Melel’den (41 km.) sonra, Seyyâle tepesine vardı. Akşam yemeğini yiyip akşam ve yatsı namazlarını burada kıldı.
27 Zilkâde Pazartesi/Irku’z-zubye-Ravhâ
Sabah namazını Irku’z-zubye’de (71 km.) kıldı. Sonra az ilerideki Ravhâ’ya (74 km.) vardı.
Resûlullah (sas) Ravhâ denilen yere gelince bir yolcu grubuyla karşılaştı ve onlara, "Siz kimsiniz?" diye sordu. Onlar, "Biz Müslümanlarız!" cevabını verdiler. Bu sefer onlar, "Sen kimsin?" diye sordular. Efendimiz (sas), "Ben Allah’ın Resûlü’yüm!" buyurdu. Bunun üzerine bir kadın ona devenin hevdecinden aldığı bir çocuğu kaldırarak, "Bunun için de hac var mıdır?" dedi. Resûlullah (sas), "Evet, sana da ecir vardır." buyurdu.

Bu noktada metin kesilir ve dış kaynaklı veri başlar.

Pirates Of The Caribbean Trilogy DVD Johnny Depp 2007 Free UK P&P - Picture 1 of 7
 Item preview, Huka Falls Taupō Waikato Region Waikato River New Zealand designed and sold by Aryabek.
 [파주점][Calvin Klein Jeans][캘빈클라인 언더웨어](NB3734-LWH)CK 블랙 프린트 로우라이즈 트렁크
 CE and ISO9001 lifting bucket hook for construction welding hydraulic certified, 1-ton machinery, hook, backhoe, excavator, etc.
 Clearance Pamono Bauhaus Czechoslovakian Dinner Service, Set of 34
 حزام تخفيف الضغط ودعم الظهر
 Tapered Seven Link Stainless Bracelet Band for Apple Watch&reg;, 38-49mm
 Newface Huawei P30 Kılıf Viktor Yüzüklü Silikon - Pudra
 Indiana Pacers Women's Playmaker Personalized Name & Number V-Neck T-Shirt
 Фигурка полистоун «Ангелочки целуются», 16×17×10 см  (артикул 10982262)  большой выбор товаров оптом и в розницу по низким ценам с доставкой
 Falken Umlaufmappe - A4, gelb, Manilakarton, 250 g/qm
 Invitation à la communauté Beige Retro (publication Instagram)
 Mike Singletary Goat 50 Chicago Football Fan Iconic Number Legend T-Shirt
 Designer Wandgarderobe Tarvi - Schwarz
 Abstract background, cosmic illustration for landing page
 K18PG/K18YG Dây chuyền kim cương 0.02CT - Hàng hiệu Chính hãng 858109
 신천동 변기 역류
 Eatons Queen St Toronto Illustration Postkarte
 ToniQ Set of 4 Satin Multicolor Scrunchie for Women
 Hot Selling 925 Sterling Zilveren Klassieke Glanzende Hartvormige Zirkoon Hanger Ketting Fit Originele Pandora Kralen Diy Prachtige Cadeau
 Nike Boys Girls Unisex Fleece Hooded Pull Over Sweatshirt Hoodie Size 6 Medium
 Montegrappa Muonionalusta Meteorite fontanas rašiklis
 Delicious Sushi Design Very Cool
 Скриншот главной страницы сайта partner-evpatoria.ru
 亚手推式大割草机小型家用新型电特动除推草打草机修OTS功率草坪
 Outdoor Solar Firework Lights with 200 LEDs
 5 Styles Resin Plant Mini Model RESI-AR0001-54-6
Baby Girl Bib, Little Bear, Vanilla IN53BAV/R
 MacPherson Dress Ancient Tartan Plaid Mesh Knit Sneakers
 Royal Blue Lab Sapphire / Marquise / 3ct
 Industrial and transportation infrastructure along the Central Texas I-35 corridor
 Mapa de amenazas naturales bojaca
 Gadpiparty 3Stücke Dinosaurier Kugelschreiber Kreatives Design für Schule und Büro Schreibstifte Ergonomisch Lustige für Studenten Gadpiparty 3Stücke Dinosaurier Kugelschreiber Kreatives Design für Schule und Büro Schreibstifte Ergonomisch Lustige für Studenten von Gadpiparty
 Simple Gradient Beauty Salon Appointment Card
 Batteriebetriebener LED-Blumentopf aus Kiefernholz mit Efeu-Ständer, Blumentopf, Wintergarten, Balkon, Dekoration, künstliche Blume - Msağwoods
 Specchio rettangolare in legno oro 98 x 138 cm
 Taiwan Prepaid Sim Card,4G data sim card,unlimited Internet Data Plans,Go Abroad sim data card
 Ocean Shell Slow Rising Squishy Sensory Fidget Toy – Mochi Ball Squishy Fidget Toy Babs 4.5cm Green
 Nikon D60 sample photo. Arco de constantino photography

Ravhâ’ya geldiklerinde sahâbeden bazıları, bir avcının yaraladığı anlaşılan ayağı kırılmış bir yaban merkebi gördüler. Durumu gelip Resûlullah’a (sas) haber verdiler. O (sas), "Bırakın onu! Çünkü sahibinin gelme ihtimali var." buyurdu. Biraz sonra Behz kabilesinden bir adam gelip ona sahip çıktı. Adam (yenilmesi helâl olan bu av hayvanını) Resûlullah’a (sas) hediye etti. Bunun üzerine Peygamber (sas), Hz. Ebû Bekir’e (ra) onu arkadaşları arasında taksim etmesini emretti.
Avcı, ihramlı olmadığı ve ihramlılar da yardım etmediği için onların bu avdan yemeleri helâl idi.
Ravhâ’dan Munsaraf’a geçen Resûl-i Ekrem (sas), ikindi, akşam ve yatsı namazlarını kılıp akşam yemeğini burada yedi.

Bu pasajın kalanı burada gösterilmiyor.